The binder resin preferably contains the crystalline resin in an
amount of 10% by mass or more, more preferably 20% by mass or more,
still more preferably 30% by mass or more, relative to the total
amount of the binder resin.
A kind of the binder resin is not particularly limited and may be
appropriately selected depending on the intended purpose, and the
crystalline resin may be used in combination with a non-crystalline
resin. Note that, it is preferable that a resin obtained by
controlling composition of monomer and degree of polymerizing
monomers be used so as to reduce an amount of volatile components
volatilized by applying heat at 250.degree. C. or less.
In the present invention, the "crystalline" is defined to as a
substance in which atoms and molecules are spatially arranged so as
to have a repeated pattern, and to as a substance exhibiting a
diffraction pattern by a general X-ray diffraction device.
The crystalline resin is not particularly limited and may be
appropriately selected depending on the intended purpose, so long
as it has crystallinity. Examples thereof include a polyester
resin, a polyurethane resin, a polyurea resin, a polyamide resin, a
polyether resin, a vinyl resin, and a modified crystalline resin.
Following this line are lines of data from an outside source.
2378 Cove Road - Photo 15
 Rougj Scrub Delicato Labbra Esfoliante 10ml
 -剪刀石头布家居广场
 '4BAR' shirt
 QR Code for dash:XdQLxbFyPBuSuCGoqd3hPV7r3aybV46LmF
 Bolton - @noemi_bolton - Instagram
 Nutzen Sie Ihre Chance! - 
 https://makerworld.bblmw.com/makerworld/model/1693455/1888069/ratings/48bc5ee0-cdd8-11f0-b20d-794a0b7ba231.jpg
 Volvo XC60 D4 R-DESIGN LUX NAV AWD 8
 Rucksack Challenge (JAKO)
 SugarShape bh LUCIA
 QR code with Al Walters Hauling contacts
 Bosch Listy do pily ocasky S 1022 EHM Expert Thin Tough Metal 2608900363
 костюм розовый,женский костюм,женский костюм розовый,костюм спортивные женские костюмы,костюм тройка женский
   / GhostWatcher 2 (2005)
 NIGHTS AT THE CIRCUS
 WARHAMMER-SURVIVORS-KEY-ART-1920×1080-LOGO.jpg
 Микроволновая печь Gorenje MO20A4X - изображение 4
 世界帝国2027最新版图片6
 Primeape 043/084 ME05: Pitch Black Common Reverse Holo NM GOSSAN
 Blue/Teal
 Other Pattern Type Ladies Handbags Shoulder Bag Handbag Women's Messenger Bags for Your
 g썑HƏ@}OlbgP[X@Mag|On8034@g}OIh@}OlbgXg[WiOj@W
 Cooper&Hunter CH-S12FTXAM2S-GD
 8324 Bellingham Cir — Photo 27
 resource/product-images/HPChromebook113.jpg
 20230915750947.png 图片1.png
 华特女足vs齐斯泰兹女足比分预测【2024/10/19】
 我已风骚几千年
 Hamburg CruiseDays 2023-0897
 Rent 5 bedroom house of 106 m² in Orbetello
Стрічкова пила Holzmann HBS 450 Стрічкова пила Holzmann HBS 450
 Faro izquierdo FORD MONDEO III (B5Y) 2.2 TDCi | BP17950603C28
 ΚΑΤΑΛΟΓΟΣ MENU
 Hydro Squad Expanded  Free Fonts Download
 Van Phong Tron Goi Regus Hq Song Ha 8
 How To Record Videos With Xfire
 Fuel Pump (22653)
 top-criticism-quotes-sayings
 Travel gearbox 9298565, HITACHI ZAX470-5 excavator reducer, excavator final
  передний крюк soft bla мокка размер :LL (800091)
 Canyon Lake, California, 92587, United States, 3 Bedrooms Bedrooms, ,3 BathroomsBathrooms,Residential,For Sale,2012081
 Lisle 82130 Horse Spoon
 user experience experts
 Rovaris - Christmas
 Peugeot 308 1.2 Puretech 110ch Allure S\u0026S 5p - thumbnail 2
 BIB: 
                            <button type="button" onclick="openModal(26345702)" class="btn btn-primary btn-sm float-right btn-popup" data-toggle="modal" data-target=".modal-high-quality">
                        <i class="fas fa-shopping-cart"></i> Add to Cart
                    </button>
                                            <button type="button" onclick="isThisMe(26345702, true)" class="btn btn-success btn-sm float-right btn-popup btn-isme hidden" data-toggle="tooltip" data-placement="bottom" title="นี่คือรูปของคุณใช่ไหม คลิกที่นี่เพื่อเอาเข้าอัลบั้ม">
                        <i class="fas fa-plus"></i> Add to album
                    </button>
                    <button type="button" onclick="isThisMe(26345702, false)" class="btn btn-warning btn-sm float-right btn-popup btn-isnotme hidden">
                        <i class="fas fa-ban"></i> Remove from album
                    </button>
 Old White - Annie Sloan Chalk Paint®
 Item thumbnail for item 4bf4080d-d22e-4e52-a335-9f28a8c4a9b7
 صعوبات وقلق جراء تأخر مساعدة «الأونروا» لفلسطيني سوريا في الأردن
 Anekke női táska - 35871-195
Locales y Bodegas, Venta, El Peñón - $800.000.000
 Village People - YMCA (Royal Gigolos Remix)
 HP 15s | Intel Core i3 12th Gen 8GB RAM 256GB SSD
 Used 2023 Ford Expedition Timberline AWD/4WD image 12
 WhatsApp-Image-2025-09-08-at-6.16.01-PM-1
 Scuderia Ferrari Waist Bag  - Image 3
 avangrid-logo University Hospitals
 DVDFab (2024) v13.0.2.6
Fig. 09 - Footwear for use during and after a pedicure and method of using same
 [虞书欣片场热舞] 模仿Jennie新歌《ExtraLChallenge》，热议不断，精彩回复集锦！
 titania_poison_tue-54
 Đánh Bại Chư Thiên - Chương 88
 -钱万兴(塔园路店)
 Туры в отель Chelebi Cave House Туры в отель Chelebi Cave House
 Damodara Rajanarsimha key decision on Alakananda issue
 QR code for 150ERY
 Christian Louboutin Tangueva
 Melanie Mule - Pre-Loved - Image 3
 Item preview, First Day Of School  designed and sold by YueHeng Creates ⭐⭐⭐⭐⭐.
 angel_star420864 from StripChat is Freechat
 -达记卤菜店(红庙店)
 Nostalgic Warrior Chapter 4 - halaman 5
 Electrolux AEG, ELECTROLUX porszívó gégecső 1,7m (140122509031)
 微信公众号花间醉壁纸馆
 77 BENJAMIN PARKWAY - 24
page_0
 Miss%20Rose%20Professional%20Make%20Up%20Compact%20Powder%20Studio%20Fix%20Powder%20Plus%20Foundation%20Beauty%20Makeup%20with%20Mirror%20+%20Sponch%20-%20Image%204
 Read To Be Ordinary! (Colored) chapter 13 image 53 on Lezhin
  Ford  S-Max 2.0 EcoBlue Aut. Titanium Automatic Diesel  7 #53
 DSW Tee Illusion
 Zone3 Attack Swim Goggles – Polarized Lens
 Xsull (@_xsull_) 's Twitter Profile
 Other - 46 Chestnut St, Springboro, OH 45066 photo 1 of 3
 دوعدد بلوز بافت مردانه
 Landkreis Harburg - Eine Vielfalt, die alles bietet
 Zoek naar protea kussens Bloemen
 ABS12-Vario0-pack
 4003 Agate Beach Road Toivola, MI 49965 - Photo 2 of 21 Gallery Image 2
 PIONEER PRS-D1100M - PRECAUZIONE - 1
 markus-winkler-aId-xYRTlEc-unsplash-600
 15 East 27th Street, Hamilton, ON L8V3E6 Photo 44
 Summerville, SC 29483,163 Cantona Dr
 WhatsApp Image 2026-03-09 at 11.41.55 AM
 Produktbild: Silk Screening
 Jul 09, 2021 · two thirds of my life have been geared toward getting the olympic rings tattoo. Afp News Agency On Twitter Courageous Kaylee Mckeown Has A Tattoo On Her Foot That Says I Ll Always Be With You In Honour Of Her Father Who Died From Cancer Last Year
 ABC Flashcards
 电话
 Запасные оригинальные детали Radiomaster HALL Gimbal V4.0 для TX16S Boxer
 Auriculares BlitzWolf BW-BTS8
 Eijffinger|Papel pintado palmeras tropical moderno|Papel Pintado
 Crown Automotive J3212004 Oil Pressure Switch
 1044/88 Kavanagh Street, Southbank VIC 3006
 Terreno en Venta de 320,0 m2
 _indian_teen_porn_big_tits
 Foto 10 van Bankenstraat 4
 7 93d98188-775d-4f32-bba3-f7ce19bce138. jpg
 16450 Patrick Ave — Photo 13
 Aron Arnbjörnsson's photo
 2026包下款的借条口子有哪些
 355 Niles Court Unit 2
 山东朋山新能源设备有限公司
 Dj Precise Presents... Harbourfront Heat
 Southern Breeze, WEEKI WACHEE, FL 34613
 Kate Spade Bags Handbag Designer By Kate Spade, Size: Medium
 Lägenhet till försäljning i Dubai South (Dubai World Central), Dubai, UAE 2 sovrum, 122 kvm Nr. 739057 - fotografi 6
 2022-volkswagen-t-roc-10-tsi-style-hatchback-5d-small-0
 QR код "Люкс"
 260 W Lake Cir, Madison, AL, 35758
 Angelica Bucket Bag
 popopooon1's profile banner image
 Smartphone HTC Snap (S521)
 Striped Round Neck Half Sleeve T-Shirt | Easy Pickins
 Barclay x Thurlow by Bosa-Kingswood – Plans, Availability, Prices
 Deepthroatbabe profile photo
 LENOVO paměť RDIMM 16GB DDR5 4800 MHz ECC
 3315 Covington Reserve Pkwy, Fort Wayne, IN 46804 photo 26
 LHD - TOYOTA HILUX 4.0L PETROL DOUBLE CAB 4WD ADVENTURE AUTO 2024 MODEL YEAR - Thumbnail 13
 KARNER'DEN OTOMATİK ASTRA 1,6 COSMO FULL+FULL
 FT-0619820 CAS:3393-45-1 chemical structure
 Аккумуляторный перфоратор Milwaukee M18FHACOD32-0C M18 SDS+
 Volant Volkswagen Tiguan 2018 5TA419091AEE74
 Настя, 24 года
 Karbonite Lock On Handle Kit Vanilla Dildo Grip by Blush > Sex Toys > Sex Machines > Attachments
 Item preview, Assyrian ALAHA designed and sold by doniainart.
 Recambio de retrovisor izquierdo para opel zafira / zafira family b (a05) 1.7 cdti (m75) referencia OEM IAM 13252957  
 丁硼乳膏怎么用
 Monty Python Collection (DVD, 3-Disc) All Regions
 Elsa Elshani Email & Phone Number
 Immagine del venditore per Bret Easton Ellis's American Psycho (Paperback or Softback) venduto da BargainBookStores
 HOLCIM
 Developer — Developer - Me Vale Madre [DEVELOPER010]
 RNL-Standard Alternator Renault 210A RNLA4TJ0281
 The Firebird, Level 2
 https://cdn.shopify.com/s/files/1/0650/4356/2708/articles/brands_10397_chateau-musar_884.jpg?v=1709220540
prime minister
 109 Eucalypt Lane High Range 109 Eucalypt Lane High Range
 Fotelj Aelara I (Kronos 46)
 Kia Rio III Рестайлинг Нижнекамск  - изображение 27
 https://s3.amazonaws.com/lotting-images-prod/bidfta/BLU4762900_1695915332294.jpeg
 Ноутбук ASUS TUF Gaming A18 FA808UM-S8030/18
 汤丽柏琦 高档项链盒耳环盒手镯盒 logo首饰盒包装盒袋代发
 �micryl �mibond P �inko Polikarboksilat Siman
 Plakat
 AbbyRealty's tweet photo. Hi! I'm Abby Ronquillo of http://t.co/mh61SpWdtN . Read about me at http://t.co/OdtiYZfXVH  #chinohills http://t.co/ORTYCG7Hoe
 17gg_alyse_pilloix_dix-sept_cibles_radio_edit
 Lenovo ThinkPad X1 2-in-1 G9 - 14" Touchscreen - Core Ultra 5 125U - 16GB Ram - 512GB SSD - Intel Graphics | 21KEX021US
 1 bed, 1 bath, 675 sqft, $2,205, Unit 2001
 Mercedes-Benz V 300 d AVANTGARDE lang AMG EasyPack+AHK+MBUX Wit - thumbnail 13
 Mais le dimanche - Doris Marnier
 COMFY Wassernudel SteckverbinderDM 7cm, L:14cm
These may be used alone or in combination thereof. Among them, a
polyester resin, a polyurethane resin, a polyurea resin, a
polyamide resin, and a polyether resin are preferable, a resin
having at least one of a urethane skeleton and a urea skeleton is
more preferable, a straight chain polyester resin and a composite
resina containing the straight chain polyester resin are
particularly preferable.
As the resin having at least one of a urethane skeleton and a urea
skeleton, the polyurethane resin, the polyurea resin, a
urethane-modified polyester resin, and a urea-modified polyester
resin are favorable. The urethane-modified polyester resin is a
resin obtained by reacting a polyester resin having an isocyanate
group at a terminal with polyol. The urea-modified polyester resin
is a resin obtained by reacting a polyester resin having an
isocyanate group at a terminal with amines.
A maximum peak temperature of melting heat of the crystalline resin
is preferably 45.degree. C. to 70.degree. C., more preferably
53.degree. C. to 65.degree. C., still more preferably 58.degree. C.
to 62.degree. C., in terms of both low temperature fixing ability
and heat resistant storage stability. When the maximum peak
temperature thereof is within a range from 45.degree. C. to
70.degree. C., the toner can be excellent in low temperature fixing
ability and heat resistant storage stability.
The binder resin is not particularly limited and may be
appropriately selected depending on the intended purpose, but it
preferably contains a polyester resin. As a result, it is
preferable that the allowance of designing low temperature fixing
ability increase, a shape of particles, which influences charging
ability of the toner, can be controlled, and thus the toner
electrically charged can be prevented from decreasing.
The polyester resin preferably contains a crystalline polyester
resin and a non-crystalline polyester resin.
<<Crystalline Polyester Resin>>
The crystalline polyester resin means not only a polymer formed of
100% of a polyester structure as a constituent component, but also
a polymer (copolymer) obtained by polymerizing a component
constituting polyester with another component. Note that, in the
latter case, an amount of the another component except polyester
constituting the polymer (copolymer) is 50% by mass or less.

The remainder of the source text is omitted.